6 steps to getting risk acceptance right

Cybersecurity and risk expert David Wilkinson has heard some executives put off discussions about risk acceptance, saying they don’t have any appetite or tolerance for risk.

“But every organization has to have some level of risk acceptance,” says Wilkinson, senior managing partner with The Bellwether Group, a firm providing security and risk services. Otherwise, they’d be unable to function.

Yet there are indicators that many CISOs aren’t having productive conversations around risk acceptance.

According to Gartner research, only 66% of CISOs identified as top performers collaborate with senior business decision-makers to define their organization’s risk appetite. (The number drops to only 37% of CISOs identified by Gartner as “bottom performers.”)

Yet CISOs should be driving those conversations, says security consultant Frank Kim, because understanding risk and, more specifically, identifying the amount of risk an organization is comfortable accepting should inform the cybersecurity strategy.

Such conversations also identify what risks the organization wants to avoid, which it wants to transfer, and which it should mitigate—all of which also should drive the CISO agenda.

“It’s knowing what risks you’ll take and which you can’t,” says Kim, founder of ThinkSec, a security consulting and CISO advisory firm, as well as a SANS Fellow and lead for the SANS Cybersecurity Leadership and SANS Cloud Security curricula.

Here are key elements offered by experts to help CISOs get risk acceptance right:

Know what’s most important to your organization

The CISO must understand which risks pose what concerns to have informed conversations about the risks the organization is willing to accept. And to do that, they must fully understand their organization’s technology, data, and processes as well as the business functions and outcomes they’re seeking to protect, says Jon Baker, co-founder and acting director of research and development of MITRE Engenuity’s Center for Threat-Informed Defense.

“Understanding the foundation is really about understanding the systems, the sort of information that’s processed, and the impact of those to your organization,” he explains. “Then it’s about understanding the threat landscape, the threats that you as an organization care about, and the controls you have in place to manage those risks.”

The CISOs with that big picture perspective are best positioned to identify which risks pose the biggest threats to the organization’s ability to perform and transact.
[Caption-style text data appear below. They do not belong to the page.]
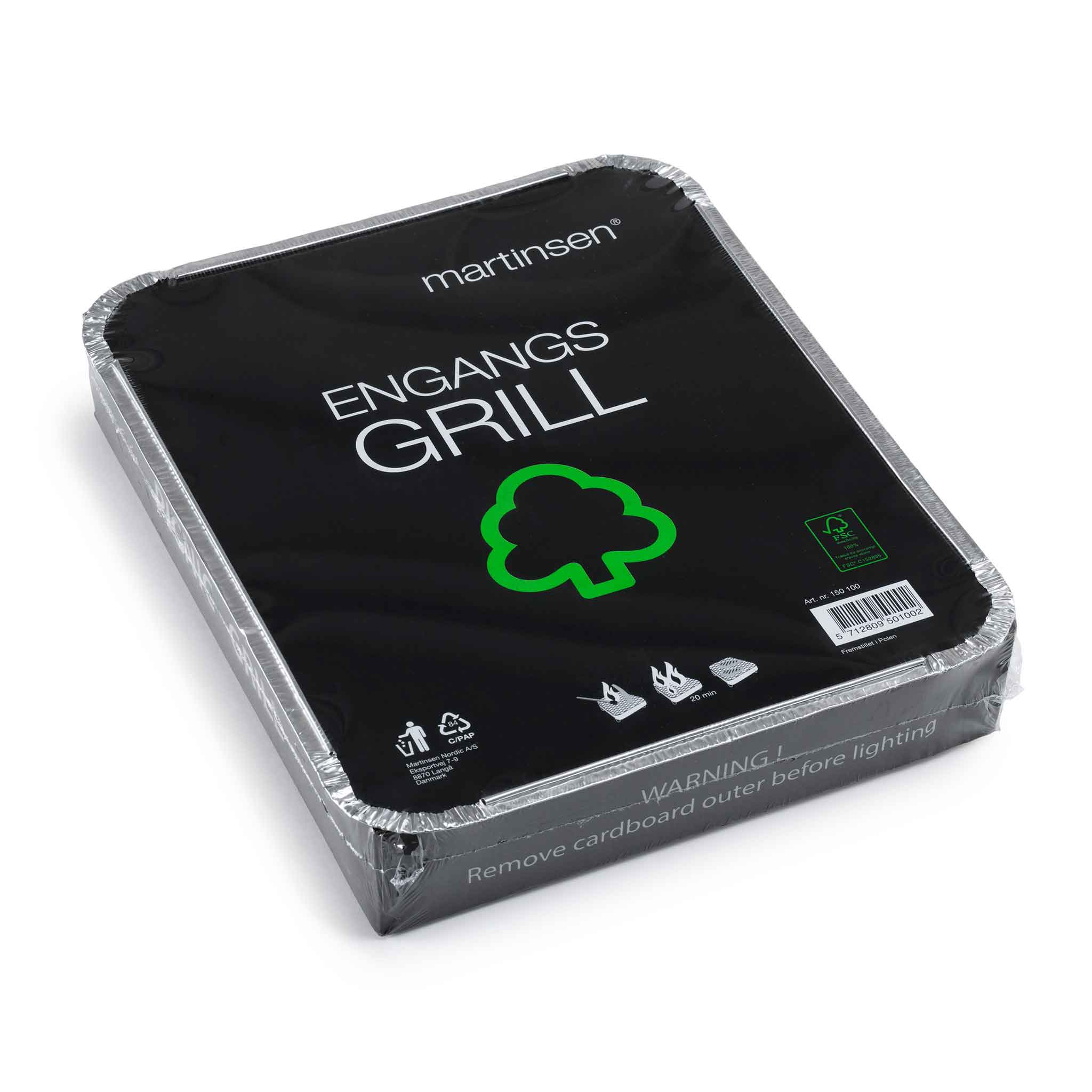 martinsen® Disposable barbecue
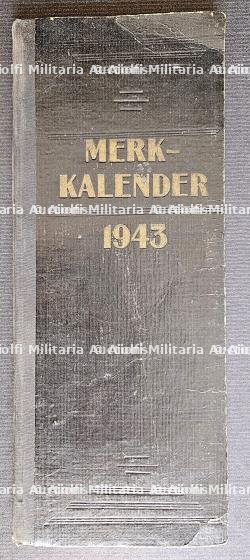 LOT DE DEUX PUBLICATIONS ALLEMANDES. AGENDA PETER KAISER 1943 ET COUVERTURE DE CARTE DES BOISSONS D’UN MESS D’OFFICIER — miniature 3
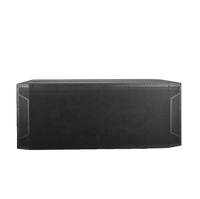 Caisson de basses actif double de 18 pouces avec DSP intégré pour des basses puissantes, conçu pour les concerts en plein air et les lieux de mariage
Thus, they can have more productive conversations around which risks the organization can live with—and which they can’t.

“You have a sense of what’s most important to the organization, and then you can have the conversations about where the cyber risk is and what the impact is,” Kim says.

Analyze, communicate risks with a business lens

Kim stresses what CISOs have been hearing for years: that they should put cyber risks into business context.

“Understand the issues that could disrupt business operations,” he says.

Not all cyber threats pose an equal risk; on the other hand, each cyber threat can inflict varying damage, says Jon France, CISO at (ISC)², a cybersecurity training and certification association.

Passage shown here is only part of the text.